Осторожно подъехав поближе к замершей фигуре все ещё ожидающей ответа брюнетки, пожилой мужчина не спеша достал из внутреннего отдела своей барсетки небольшой бархатный мешочек темно-синего цвета. Положив его в онемевшую девичью ладонь, он крепко сжал ее пальцы вокруг нежной материи, после чего вновь вернулся на прежнее место.
– Это по праву принадлежит тебе. – Послышались его тихие слова, выведшие ее из оцепенелого состояния.
– Так, значит, вы нашли их… – Констатируя факт, Шеннон пропустила слова Леонардо об столь щедром даре мимо ушей. Ее суровый взгляд метнулся к отяжеляющему руку мешочку со злосчастными камнями. Впервые в жизни не испытывая триумфальной радости от владения столь небывалой суммы, Шеннон почувствовала, как ее глаза наливаются жгучими слезами.
– Камера. – Пояснил ровный мужской голос. – Я всегда знал, что ты их не забирала.
– Вы знали, что я не передала бриллианты своему напарнику, но, тем не менее, не спешили снять с меня обвинение. Почему?
– Просмотрев запись скрытой камеры, я увидел, куда ты спрятала камни и, признаться, был поражен. Я хотел поговорить с тобой по этому поводу, но ты снова исчезла. Я не знал об этой договоренности между Мануэлем и губернатором. А из окружающих меня людей никто не решался назвать твое местонахождение, чтобы ещё больше не тревожить больное сердце богатого старика. Мне ничего не оставалось, как ждать самого суда, где я и хотел встретиться с тобой.
Вновь завладев ее пристальным взглядом, Леонардо едва заметно улыбнулся.
– Но, поверь, даже если б ты не оказалась моей дочерью, я бы все равно забрал свое обвинение, ведь ты ничего не украла. Ты невиновна.
Понимая, что на нее пытаются навешать незаслуженные ярлыки благородной девочки, Шеннон открыто рассмеялась.
– О, нет, синьор, я виновна. Я – воровка. Обычная мошенница, обчищающая кошельки состоятельных граждан. Так что не нужно утруждаться, оправдывая мое славное имя, прикрыв его ложной добродетельностью. Я не горжусь своей профессией, но только благодаря этому я и смогла выжить в мире, в котором я лишь гнилой отбросок общества, не заслуживающий даже куска хлеба.
– Если бы ты только знала, как я корю себя за это… – С ощутимой болью в хриплом голосе произнес Леонардо, взглядом умоляя ее о прощении. – Это целиком моя вина. Если бы не мои ошибки, ты бы никогда такой не была.

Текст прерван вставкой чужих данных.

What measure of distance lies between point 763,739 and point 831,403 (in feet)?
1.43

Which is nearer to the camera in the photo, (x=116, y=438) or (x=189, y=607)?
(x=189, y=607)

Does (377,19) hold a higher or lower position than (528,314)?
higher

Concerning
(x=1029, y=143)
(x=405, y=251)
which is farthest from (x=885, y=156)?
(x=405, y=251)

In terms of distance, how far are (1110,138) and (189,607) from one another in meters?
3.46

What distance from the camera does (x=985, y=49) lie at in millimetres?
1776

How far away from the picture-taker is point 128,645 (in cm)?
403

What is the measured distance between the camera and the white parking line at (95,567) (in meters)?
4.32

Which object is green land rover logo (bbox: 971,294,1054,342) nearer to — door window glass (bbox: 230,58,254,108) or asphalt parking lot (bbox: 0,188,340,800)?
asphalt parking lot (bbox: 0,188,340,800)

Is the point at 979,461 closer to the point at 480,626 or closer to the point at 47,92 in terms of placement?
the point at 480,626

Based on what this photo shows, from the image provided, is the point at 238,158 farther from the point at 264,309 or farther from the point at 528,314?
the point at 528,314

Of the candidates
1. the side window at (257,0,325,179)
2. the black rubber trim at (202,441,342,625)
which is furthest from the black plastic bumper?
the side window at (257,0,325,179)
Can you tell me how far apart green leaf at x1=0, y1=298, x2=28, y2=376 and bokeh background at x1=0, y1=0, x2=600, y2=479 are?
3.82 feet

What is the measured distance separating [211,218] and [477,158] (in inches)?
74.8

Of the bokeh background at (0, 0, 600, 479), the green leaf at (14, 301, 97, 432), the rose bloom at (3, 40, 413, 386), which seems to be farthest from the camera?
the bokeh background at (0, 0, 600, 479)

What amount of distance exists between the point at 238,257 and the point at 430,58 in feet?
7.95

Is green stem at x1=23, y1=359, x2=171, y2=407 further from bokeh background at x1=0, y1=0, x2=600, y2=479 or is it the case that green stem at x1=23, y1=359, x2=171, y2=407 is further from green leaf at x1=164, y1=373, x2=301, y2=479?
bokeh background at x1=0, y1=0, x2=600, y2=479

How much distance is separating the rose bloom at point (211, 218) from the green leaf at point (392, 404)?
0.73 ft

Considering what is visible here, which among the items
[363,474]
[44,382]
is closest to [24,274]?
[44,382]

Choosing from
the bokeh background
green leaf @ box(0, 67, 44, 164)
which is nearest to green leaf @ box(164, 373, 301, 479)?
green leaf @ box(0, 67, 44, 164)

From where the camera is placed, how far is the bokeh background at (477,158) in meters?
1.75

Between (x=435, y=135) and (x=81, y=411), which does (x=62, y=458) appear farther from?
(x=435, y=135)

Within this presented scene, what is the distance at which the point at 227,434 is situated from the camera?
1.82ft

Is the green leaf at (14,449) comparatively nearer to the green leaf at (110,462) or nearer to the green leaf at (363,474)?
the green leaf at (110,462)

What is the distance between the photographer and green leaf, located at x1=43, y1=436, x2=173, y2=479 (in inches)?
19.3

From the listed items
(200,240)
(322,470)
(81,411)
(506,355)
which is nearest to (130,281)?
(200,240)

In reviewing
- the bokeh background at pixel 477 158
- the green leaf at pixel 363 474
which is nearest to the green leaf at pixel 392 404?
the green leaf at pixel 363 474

Равнодушно приняв его заботливые слова, Шеннон непреклонно произнесла:
– Я стала той, кто я есть. И мне не стыдно за это. Я прошла через сущий ад и выжила – этим уже стоит гордиться!

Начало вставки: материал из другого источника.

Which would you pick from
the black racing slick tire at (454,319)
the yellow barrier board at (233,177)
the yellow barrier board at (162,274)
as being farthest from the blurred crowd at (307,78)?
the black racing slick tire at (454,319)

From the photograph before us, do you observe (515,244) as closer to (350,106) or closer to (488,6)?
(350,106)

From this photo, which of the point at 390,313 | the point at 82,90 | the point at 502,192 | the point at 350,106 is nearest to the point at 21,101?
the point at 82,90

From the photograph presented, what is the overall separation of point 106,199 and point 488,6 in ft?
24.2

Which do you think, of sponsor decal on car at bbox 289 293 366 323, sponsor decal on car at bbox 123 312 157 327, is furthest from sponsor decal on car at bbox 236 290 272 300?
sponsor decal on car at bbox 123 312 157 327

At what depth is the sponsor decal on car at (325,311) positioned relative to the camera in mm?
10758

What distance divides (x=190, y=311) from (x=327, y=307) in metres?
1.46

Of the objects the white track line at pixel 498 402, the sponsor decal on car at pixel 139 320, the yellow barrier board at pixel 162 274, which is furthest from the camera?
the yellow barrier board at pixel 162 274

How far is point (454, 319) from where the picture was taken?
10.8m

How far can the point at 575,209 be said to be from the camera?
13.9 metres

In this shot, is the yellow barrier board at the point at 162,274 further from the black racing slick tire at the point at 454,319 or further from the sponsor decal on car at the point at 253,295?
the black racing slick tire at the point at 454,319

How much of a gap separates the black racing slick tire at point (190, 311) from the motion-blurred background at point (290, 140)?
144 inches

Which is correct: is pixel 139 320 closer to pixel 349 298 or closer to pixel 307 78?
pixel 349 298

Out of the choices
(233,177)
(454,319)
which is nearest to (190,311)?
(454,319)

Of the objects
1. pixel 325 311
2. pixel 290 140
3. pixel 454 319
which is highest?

Услышав подобный ответ лицо старика выразило нескрываемое уважение к стоящей перед собой персоне, отчего у Шеннон защипало в глазах от стоящих в них слез.
– Прости, я не это хотел сказать. Я презираю себя за то, что вам с матерью пришлось пережить. – Тихо сказал он, уронив свой тяжкий горестный взгляд на колени. – Если бы я только мог все исправить…
– Не презирайте себя – это моя прерогатива! – Не сдержавшись, со злостью прошептала Шеннон. – И что же теперь, думаете, я кинусь вам на шею со словами: «Папочка, где же ты был?» Даже не надейтесь!
Вновь подняв свое печальное лицо, Леонардо слабо покачал головой.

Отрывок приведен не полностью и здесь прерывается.